Developing and managing your financial portfolio involves a series of steps to plan and reach your financial objectives, while gaining an understanding of the important factors under consideration when one begins to invest. From start to finish, they include:
1) Determine your goals: This is the “what” and “why” behind your investments. What are you working towards? Why is this important?
2) Determining your risk and expertise level: One’s risk level captures what you are willing to lose and how much you hope to gain.
3) Create a plan: How do you want to invest your earnings? What investment vehicles and products do you want in your portfolio? Mutual funds, ETFs, high-interest or tax-free savings accounts?

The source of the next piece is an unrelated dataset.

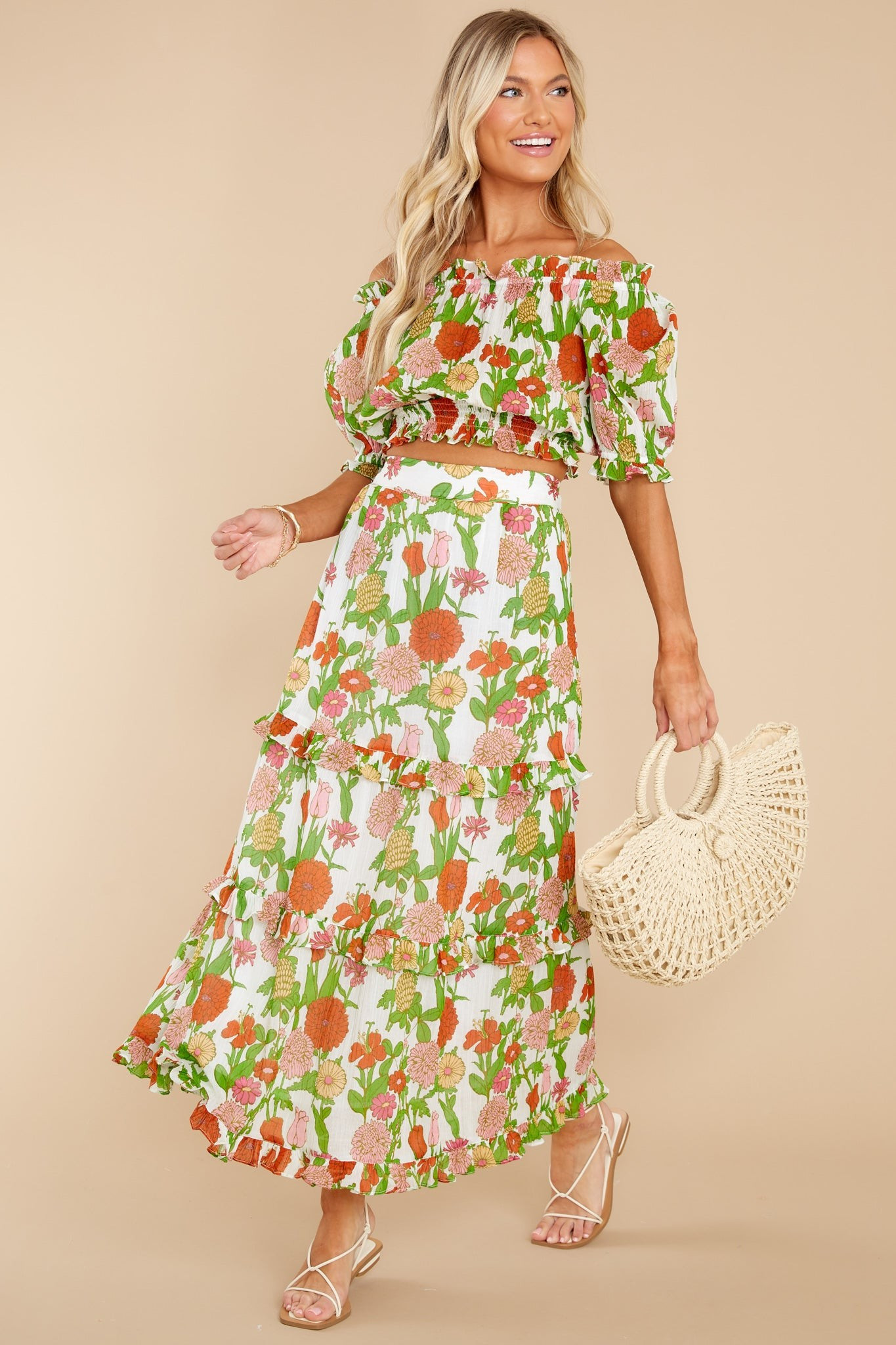 Lindsay Mini Mod Floral Melon Skirt | Red Dress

4) Choose a portfolio: 1) How do you want to allocate your assets; 2) What range of investment styles do you want to adopt; 3) How much are you investing and what type of fees are you willing to incur.

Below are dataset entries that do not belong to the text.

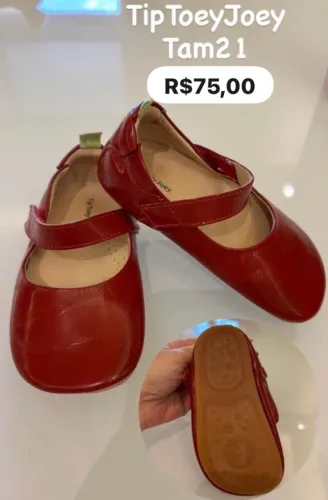 Sapato vermelho menina tip toey joey TAM 21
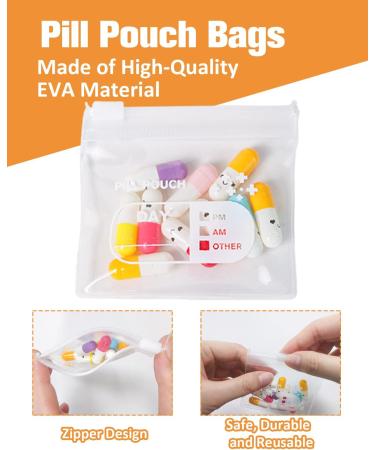 50 Piece Reusable Clear Pill Pouch Bags - Zippered Medicine Storage Organizer for Travel & Small Items - Buy Online on GoSupps.com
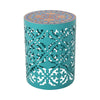 Riki Side End Table 14 Inch Mosaic Tile Rattan Teal Lace Cut Metal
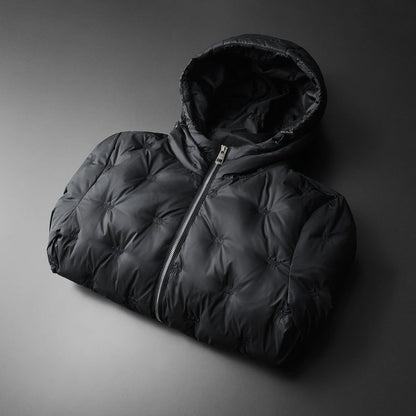 Embroidered Down Men's Plus Size Hooded Casual Down Jacket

5) Stick to your plan and rebalance…
In reality, this isn’t a “last-step,” but rather, the jumping off point to managing your financial portfolio. In an ideal scenario we would do all our investment research early on and let our decisions play-out until retirement. Unfortunately, there are too many changing factors that allow this to be a sustainable approach: Markets and interest rates change, fund managers leave, companies face competition and decreasing market share. Even personal reasons will dramatically change what you are saving for.

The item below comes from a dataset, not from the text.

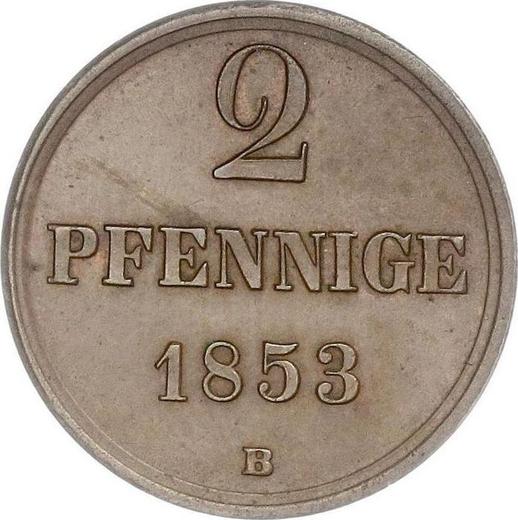 Реверс монеты - 2 пфеннига 1853 года B - цена  монеты - Брауншвейг-Вольфенбюттель, Вильгельм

The difficulty with this seemingly contradictory process—sticking and adjusting to a plan—varies with our risk tolerance. If we are conservative investors, bonds aren’t going to perform in a surprising fashion. The allocation of our assets in our portfolio will remain somewhat intact. If we take on moderate risk and have a balanced portfolio, however, we will need to rebalance more often. For example, during one year, bonds might become a larger percentage of our portfolio, and this will lead us to redistribute earnings to our equity portion, to keep the allocation of assets at pre-determined levels.
In general, we should be looking at our portfolio every quarter or more frequent if markets dictate or as we see fit. But the degree to which we make these changes, also reflects our ability to handle and comprehend risk and market behavior. Thus, a general rule of thumb is that your asset allocation should not deviate from its target by more than 5%. Too large of a change and too often can snowball and create added stress and discomfort, and lead to emotionally charged, rather than rationally thought out decision-making. Depending on your risk style, rebalancing will have the added benefit of allowing you to sell well-performing stocks to make room for under-valued new stocks. Rebalancing can also allow you to infuse new capital in your portfolio.